Extracted records
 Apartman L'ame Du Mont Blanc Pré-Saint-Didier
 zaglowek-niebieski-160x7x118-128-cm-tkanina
==
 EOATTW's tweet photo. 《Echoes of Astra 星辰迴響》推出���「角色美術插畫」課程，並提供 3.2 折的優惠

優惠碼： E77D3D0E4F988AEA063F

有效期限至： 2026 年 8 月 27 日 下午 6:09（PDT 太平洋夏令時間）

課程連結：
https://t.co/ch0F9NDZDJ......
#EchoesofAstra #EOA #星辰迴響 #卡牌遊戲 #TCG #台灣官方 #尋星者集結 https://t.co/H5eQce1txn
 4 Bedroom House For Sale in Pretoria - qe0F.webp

What this task involves
Using the entries above, give again exactly the lines from the line holding "Apartman L'ame Du" through the line holding "zaglowek-niebieski-160x7x118-128-cm-tkanina". Include both end lines and nothing else.

Answer for the task
 Apartman L'ame Du Mont Blanc Pré-Saint-Didier
 zaglowek-niebieski-160x7x118-128-cm-tkanina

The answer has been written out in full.